Stored entries:
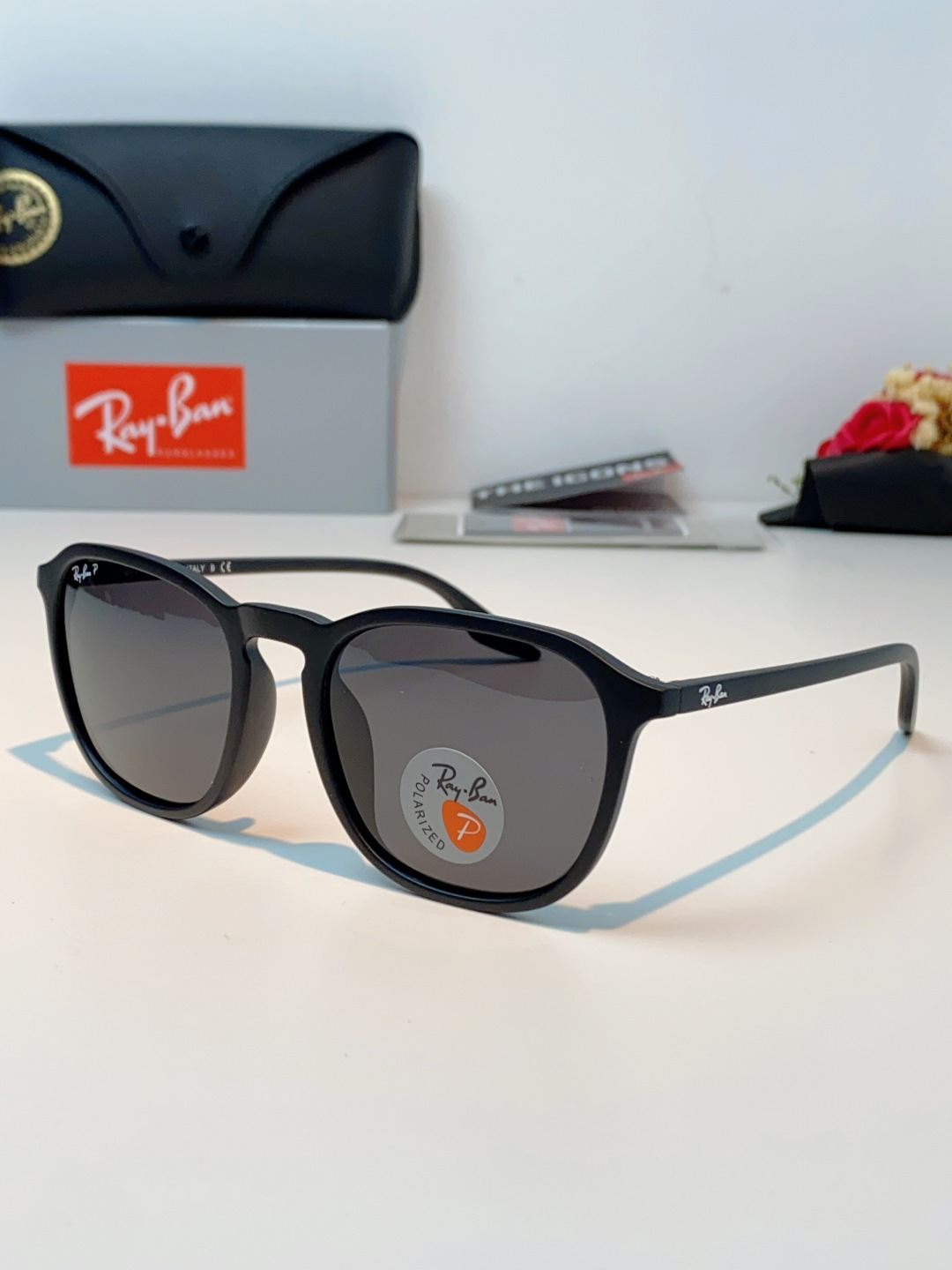 RayBan雷朋 2026新款突破传统方形限制，独特的不规则几何线条，既保留了知性优雅的气质，又自带都市
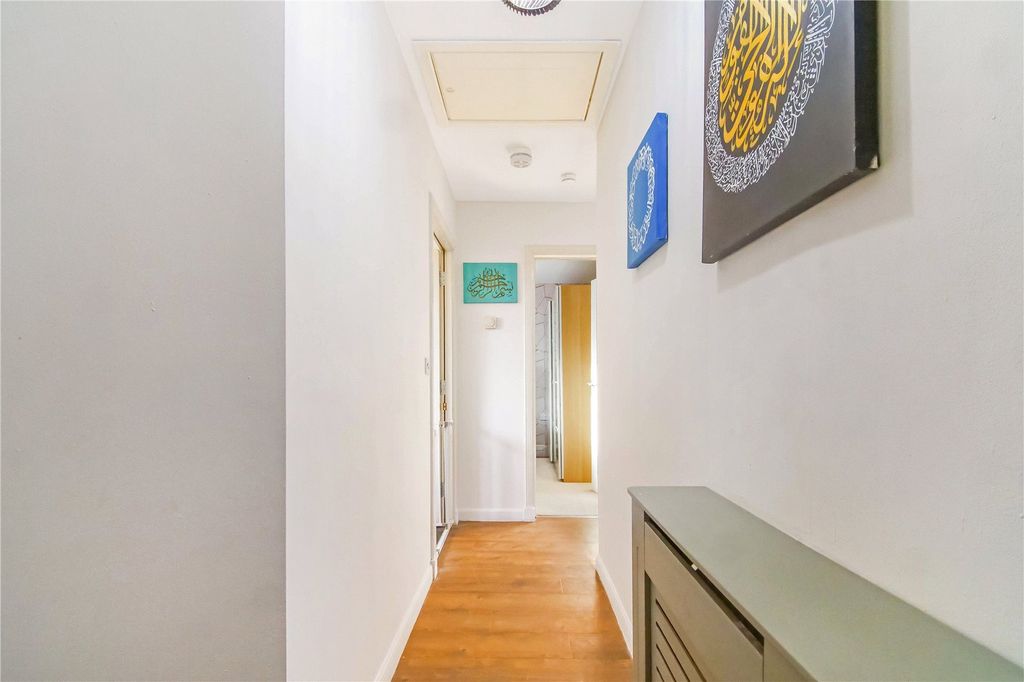 Property photo 2 of 12 Picture No. 24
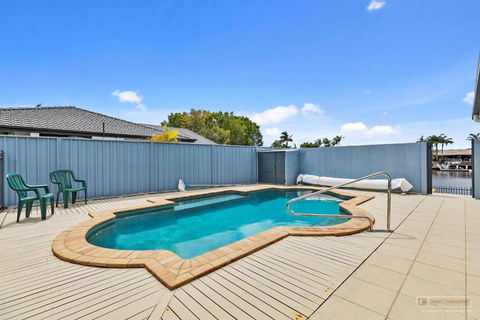 HALYCON HOUSE - Lismore Accommodation 3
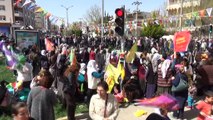 HDP’nin Nevruz kutlama alanlarında evlere Türk bayrakları asıldı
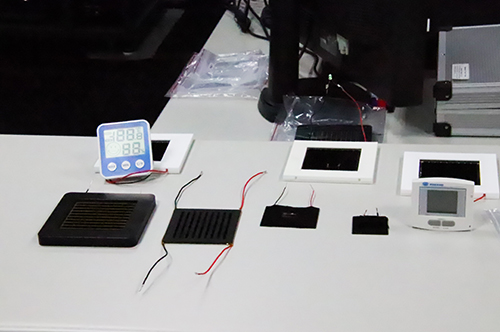 新世代太陽能電池創新技術,於室內弱光/燈光環境下能仍保有高效率,比起單晶矽太陽能板的發電功率高出數倍以上,其效率的認定由太陽能電池校正/效率驗證實驗室執行。陳薏安攝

_Exercise prompt_. Reproduce exactly, with nothing added, the lines from the line with "Property photo 2 of 12 Picture No. 24" through the end of the entries above; pictures are to be left out.

_Answer section_.
 Property photo 2 of 12 Picture No. 24
 HALYCON HOUSE - Lismore Accommodation 3
 HDP’nin Nevruz kutlama alanlarında evlere Türk bayrakları asıldı
 新世代太陽能電池創新技術,於室內弱光/燈光環境下能仍保有高效率,比起單晶矽太陽能板的發電功率高出數倍以上,其效率的認定由太陽能電池校正/效率驗證實驗室執行。陳薏安攝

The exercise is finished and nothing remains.